Demonstration zur Unterstützung der Gaza-Flottille in Paris
Demonstration zur Unterstützung der Gaza-Flottille in Paris (© Imago Images / ABACAPRESS)

Nach Behauptungen über Drohnenangriffe auf Schiffe der Anti-Israel-Flottille entsenden Spanien und Italien Kriegsschiffe zum »Schutz« der Gaza-Segler.

Anfang September stach die sogenannte Global Sumud Flotilla (GSF) mit rund zwanzig Schiffen in See. Offiziell versteht sie sich als »Hilfsflotte« für den Gazastreifen, tatsächlich geht es ihr erklärtermaßen darum, die israelische Seeblockade zu durchbrechen – und sich dabei als humanitäres Bollwerk zu inszenieren. Schon der Start der aktuellen Unternehmung war jedoch von internen Konflikten, Skandalen und strategischem Zündstoff begleitet. Wer hier wen instrumentalisiert und wer am Ende profitiert, bleibt mindestens fragwürdig.

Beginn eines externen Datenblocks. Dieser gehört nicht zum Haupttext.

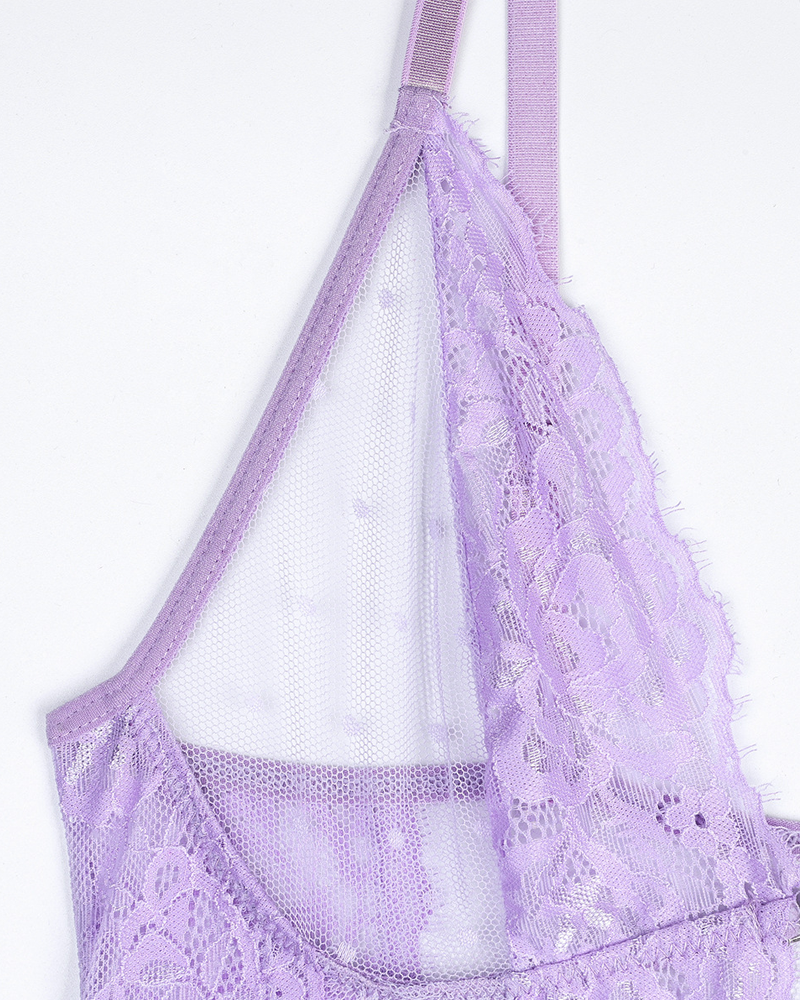 Sexy Polka Dot Sheer Mesh Lace Cami Slip Dress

Mittlerweile umfasst die Flotte nach Angaben ihrer Initiatoren rund fünfzig Schiffe, von denen sich die meisten vor der Küste Kretas befinden. In der Nacht zum Mittwoch behaupteten die Organisatoren in den sozialen Netzwerken, mehrere Boote seien von Drohnen attackiert worden, zudem sei die Funkverbindung gestört worden. Unabhängig überprüfen lassen sich diese Angaben bislang nicht.

Spannungen an Deck

Bisher wird die Fahrt der Global Sumud Flotilla vor allem von internen Auseinandersetzungen begleitet. Schon vor dem Auslaufen war erkennbar, dass es der Unternehmung nicht allein um die Lieferung humanitärer Güter geht, sondern um ein politisches Projekt. Gezieltes Storytelling, kalkulierte Eskalationen und symbolträchtige Inszenierungen sind Teil der Strategie.

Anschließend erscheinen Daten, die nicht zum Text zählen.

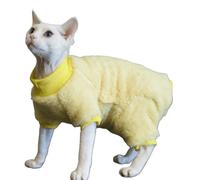 UOSIA Sphynx Cat Winter Clothes Soft Fleece Turtleneck Pullover For Hairless Cat Comfort Warm Pajamas Shirt With Sleeves For Cornish And Small Cats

Am Montag gaben die Organisatoren bekannt, dass Koordinator Khaled Boujemâa sein Amt im Leitungsgremium mit sofortiger Wirkung niedergelegt habe. Hintergrund ist die Teilnahme von LGBTQ-Aktivisten, darunter Saif Ayadi, der sich selbst als »Queer Activist« bezeichnet. Boujemâa erklärte, er sei über deren Identität nicht informiert worden und warf den Verantwortlichen vor, mit ihrer Zulassung eine »kulturell progressive Agenda« in die Flottille eingeführt zu haben.

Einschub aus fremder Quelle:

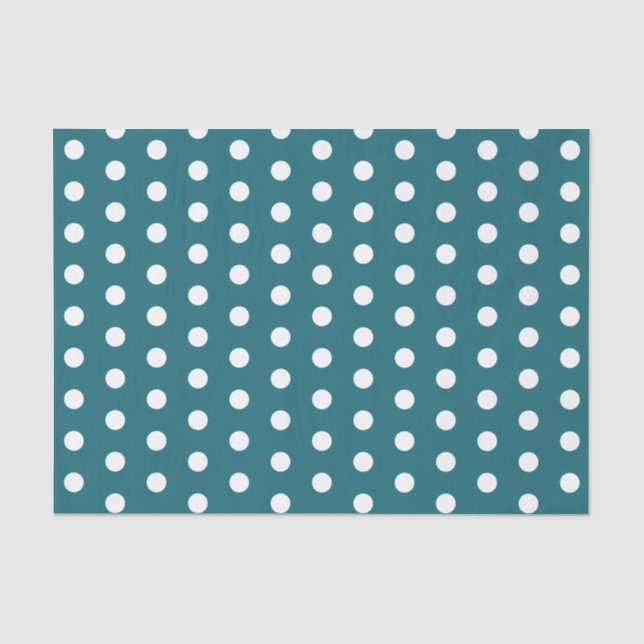Papel De Seda Pontinhos Turquesa e Branco (Frente )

Auch andere Stimmen meldeten sich mit Kritik. So bezeichneten die Aktivistin Mariem Meftah und der Moderator Samir Elwafi die Beteiligung queerer Gruppen als unvereinbar mit islamischen Werten und zugleich als Ablenkung von der »heiligen Sache Al-Aqsa«. Rasch verlagerte sich die Auseinandersetzung in die sozialen Netzwerke, wo sie nicht nur eskalierte, sondern auch die ohnehin fragile Allianz innerhalb der Aktivistenszene weiter belastete.

Parallel kam es zu Konflikten über Kommunikation und Führungsfragen. Nach Medienberichten musste Greta Thunberg das Leitungskomitee der Flottille verlassen, blieb jedoch als Teilnehmerin an Bord. Als Gründe wurden Differenzen über die Kommunikationsstrategie sowie über die Kontrolle des Narrativs und der Außendarstellung genannt.

Schon vor Beginn der Fahrt war das Bündnis von Prominenz, Solidaritätsbekundungen und politischem Risiko äußerst fragil – und erweist sich nun als wenig belastbar. So war auch die Teilnahme der österreichischen Millionenerbin und Aktivistin Marlene Engelhorn ein Gegenstand von Spekulationen. Hieß es zuerst, sie nehme ebenfalls an der Gazafahrt teil, blieb ihr Platz auf der Hauptflottille dann aber verwaist. Ihre »weißen Privilegien« hätten sie dazu veranlasst, jemand anderem den Vortritt zu lassen, wie Engelhorn erklärte, – was sie allerdings nicht davon abhält, via Instagram die gewohnten Phrasen von Unterdrückung und Befreiung zu wiederholen. In ihrem neuesten Video wirft sie mit grotesk überhöhten Opferzahlen aus dem Gazastreifen um sich und schwadroniert gar von 700.000 Toten, die Hälfte davon Kinder.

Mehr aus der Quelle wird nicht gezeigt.